Men of a Certain Age (Monday, 10/9c, TNT)
This seriocomic slice-of-midlife-crisis drama returns for a second season with its three best buds of a certain age (Ray Romano, Andre Braugher, Scott Bakula, each terrific) adjusting to new circumstances. Joe (Romano) is tentatively re-entering the dating pool and practicing for the seniors' golf tour, while Owen (Braugher) has to figure out how to be a boss to Terry (Bakula) without sacrificing their friendship. Low-key to a fault, this series gets a ratings boost from a powerful lead-in: The Closer (9/8c), wrapping its sixth season with a five-episode run of new episodes.

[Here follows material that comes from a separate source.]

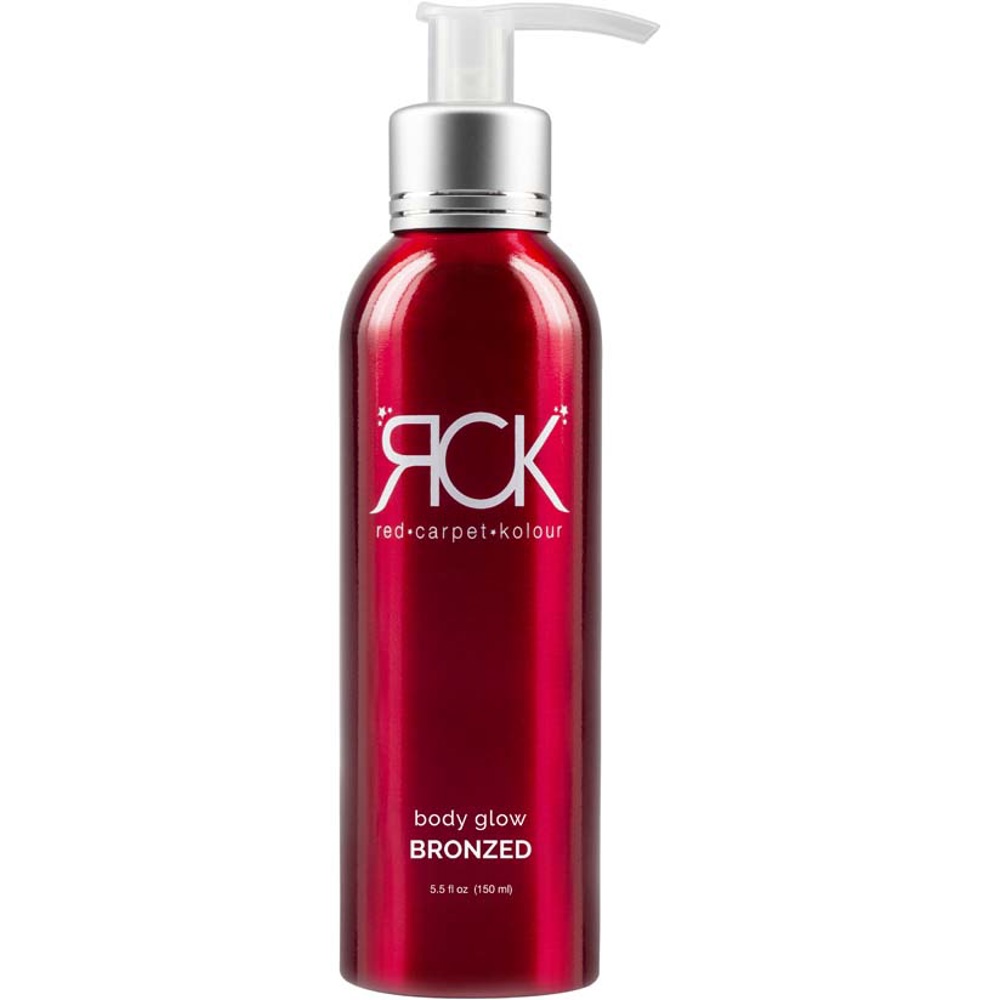 Red Carpet Kolour Luminous Body Glow Lotion, 150ml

Summer's breeziest sci-fi/fantasy romps return to spread a little seasonal cheer with stand-alone special holiday episodes. First up: Eureka, featuring Saturday Night Live vet Chris Parnell (aka 30 Rock's Dr. Spaceman) as a scientist who threatens the company holiday party when his unstable hydrogen crystal experiment begins to grow at a dangerously high rate. Following that is a new episode of Warehouse 13 in which Pete and Myka are tasked to find a sticky-fingered thief in Santa Claus drag who's making life a holy terror for a workaholic played by Paul Blackthorne. Meanwhile, Artie has a very Hanukkah reunion with his estranged father (special guest Judd Hirsch) after a 30-year separation.

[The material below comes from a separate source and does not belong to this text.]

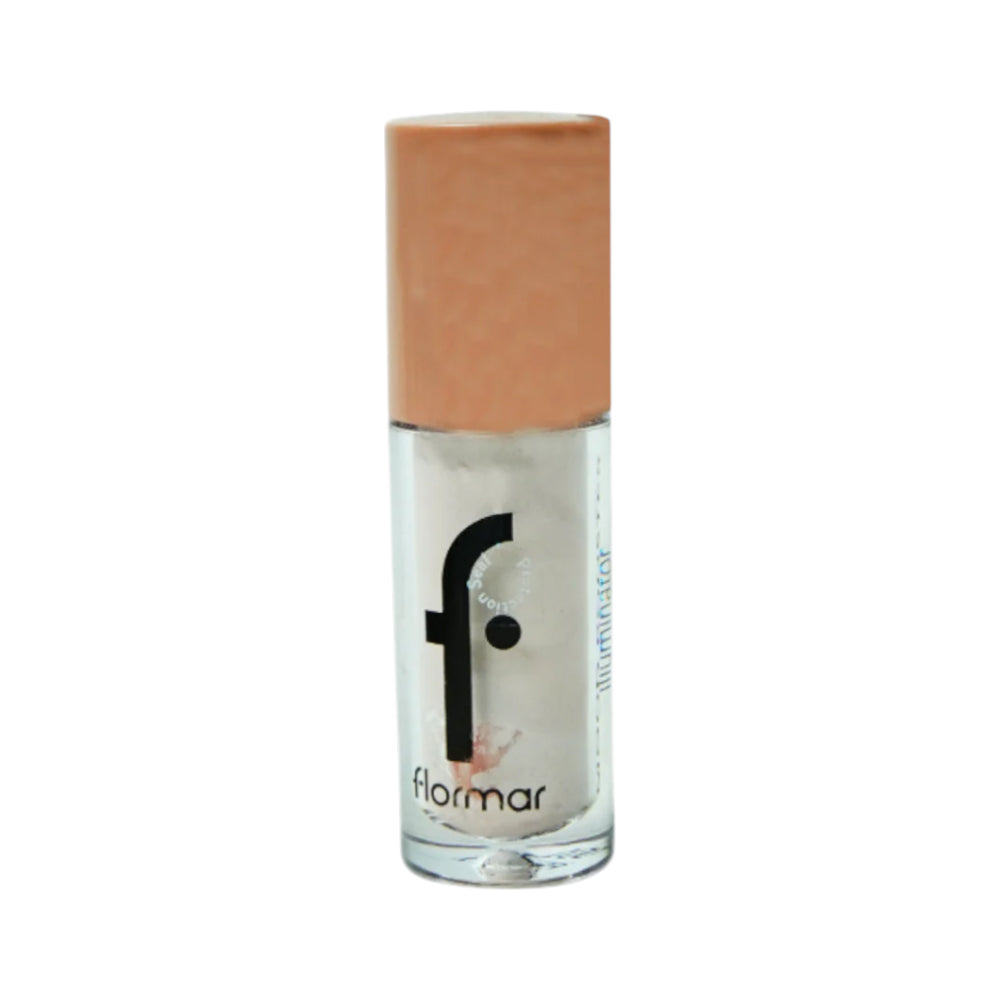FLORMAR MOOD BOOSTER LILL-001 MOON GLOW CONTOUR/HIGHLIGHTER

Mythbusters (Wednesday, 9/8c, Discovery)
In this installment, Adam Savage and Jamie Hyneman are serving at the pleasure of the president: Barack Obama, who has recruited the Mythbusters for the White House campaign to involve more kids in science. President Obama appears in this episode to challenge the guys to replicate a myth they've tried and failed at several times before: proving if Greek mathematician Archimedes could really have set fire to a Roman fleet using only mirrors and sunlight. This time, though, they'll have 500 students helping in the experiment.

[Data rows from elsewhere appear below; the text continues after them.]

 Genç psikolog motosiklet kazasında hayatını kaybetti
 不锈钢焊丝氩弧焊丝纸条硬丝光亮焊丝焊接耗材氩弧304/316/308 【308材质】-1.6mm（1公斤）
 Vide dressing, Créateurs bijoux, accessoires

Community (Thursday, 8/7c, NBC)
If you were told any current sitcom was going to do a holiday episode in stop-motion animation, your first guess would have to be Community, the most adventurous and unpredictable comedy currently on air. One week it's sending up zombie movies, the next conspiracy-theory noir. And now it's the study group's turn to see themselves as Rankin-Bass styled animated misfits, courtesy of (who else) Abed's fertile imagination. When he wakes up in animated form and takes it as a sign that he must discover the true meaning of Christmas, his pals become worried about his mental stability and take this as a sign to get inside Abed's peculiar brain once and for all. Let the surreal shenanigans begin.